Starting at the line that holds "Autumn Winter Men's" and stopping at the line that holds "Set of 3 briefs", restate the records below word for word, with both of those lines included.

________

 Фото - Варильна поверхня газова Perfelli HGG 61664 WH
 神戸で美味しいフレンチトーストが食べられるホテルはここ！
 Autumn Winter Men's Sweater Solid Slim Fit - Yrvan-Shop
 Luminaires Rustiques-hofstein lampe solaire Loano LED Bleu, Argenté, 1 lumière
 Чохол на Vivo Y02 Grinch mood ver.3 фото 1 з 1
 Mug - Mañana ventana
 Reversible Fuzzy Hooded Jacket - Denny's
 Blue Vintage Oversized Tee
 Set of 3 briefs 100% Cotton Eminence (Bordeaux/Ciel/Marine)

________

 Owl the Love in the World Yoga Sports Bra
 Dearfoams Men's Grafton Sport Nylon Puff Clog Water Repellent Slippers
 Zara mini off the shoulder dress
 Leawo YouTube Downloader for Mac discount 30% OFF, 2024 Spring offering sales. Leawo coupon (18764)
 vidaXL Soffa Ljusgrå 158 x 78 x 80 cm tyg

________

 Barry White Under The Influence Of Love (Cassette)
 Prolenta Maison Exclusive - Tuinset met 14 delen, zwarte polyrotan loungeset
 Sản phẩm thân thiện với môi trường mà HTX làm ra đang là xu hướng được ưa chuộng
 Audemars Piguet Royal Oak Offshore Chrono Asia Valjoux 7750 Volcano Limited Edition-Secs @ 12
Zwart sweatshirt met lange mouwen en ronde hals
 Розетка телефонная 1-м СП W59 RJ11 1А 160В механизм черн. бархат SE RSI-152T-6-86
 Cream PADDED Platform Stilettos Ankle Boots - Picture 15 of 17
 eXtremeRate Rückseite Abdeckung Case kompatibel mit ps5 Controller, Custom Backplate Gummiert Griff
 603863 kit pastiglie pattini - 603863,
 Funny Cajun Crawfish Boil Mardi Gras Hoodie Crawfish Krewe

________

### Result
 Autumn Winter Men's Sweater Solid Slim Fit - Yrvan-Shop
 Luminaires Rustiques-hofstein lampe solaire Loano LED Bleu, Argenté, 1 lumière
 Чохол на Vivo Y02 Grinch mood ver.3 фото 1 з 1
 Mug - Mañana ventana
 Reversible Fuzzy Hooded Jacket - Denny's
 Blue Vintage Oversized Tee
 Set of 3 briefs 100% Cotton Eminence (Bordeaux/Ciel/Marine)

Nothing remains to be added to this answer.